Osteoarthritis
It is a chronic disorder in which there is progressive softening and disintegration of the articular cartilage associated with new growth of the cartilage and bone at the joint margin (osteophyte) with fibrosis of the capsule.
Types:
? Primary Osteoarthritis, in which no obvious cause.
? Secondary osteoarthritis, follow a demonstrable abnormality.
Causes; osteoarthritis results from disparity between stress applied to the articular cartilage and the ability of the cartilage to withstand that stress, this may be due to:
1. Increase stress; the stress= load/ unit area, the increased stress may be due to increased load or decreased area of contact as in varus knee or acetabular dysplasia. 2. Weak cartilage; as in old age, chronic inflammation, or crystal deposition so the cartilage will breakdown easily.
3. Abnormal support by subchondral bone; which may be soft as in osteonecrosis providing inadequate support or the bone may be dense (fracture healing) so it become poor shock absorber.

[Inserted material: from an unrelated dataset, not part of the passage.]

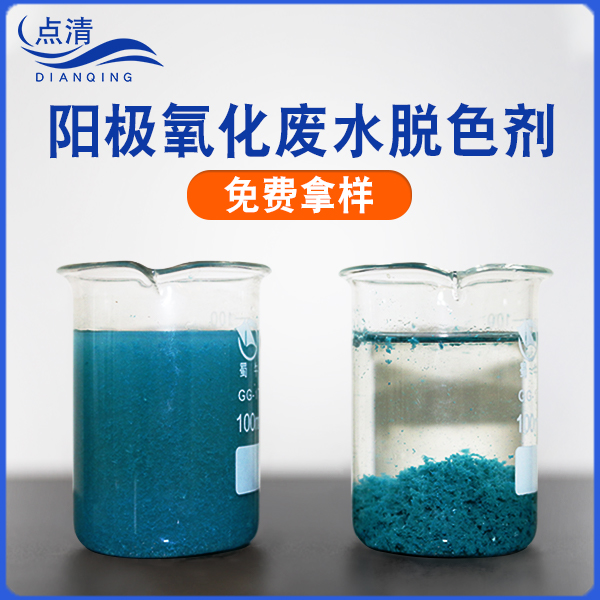 阳极氧化废水脱色剂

Pathology; the pathological changes include: 1. Progressive cartilage disintegration and narrowing of joint space. 2. Sclerosis of the subchondral bone. 3. Subchondral cysts formation. 4. Osteophyte formation. 5. Capsular fibrosis.
Pathogenesis;
? Capsular fibrosis: the capsule become thick and fibrosed and may cause deformity. ? Increased intraosseous pressure: hyperaemia and venous congestion of the subchondral bone lead to increased intraosseous pressure that lead to night pain.

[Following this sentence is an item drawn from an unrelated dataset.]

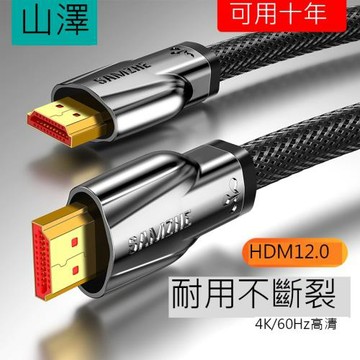 山澤hdmi線2.0高清數據連接線4k電視電腦3d筆記本顯示器屏帶音頻視頻線投影儀網絡機頂盒子臺式主機2/5/15米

? Subchondral cysts: excessive fluid formation will increase the pressure inside the joint; the fluid will pass through cracks in the exposed subchondral bone leading to cyst formation.
? Synovitis: the synovium become thick &red.
? Osteophytes: secondary to cartilage damage the joint become unstable & the joint surfaces malaposed leading to new growth of the cartilage at the margin of the joint margins which ossify forming osteophyte.
? Subchondral sclerosis: the function of the cartilage is to distribute the forces at the joint surface & if the cartilage is damaged the force will concentrate on the subchondral bone leading to sclerosis.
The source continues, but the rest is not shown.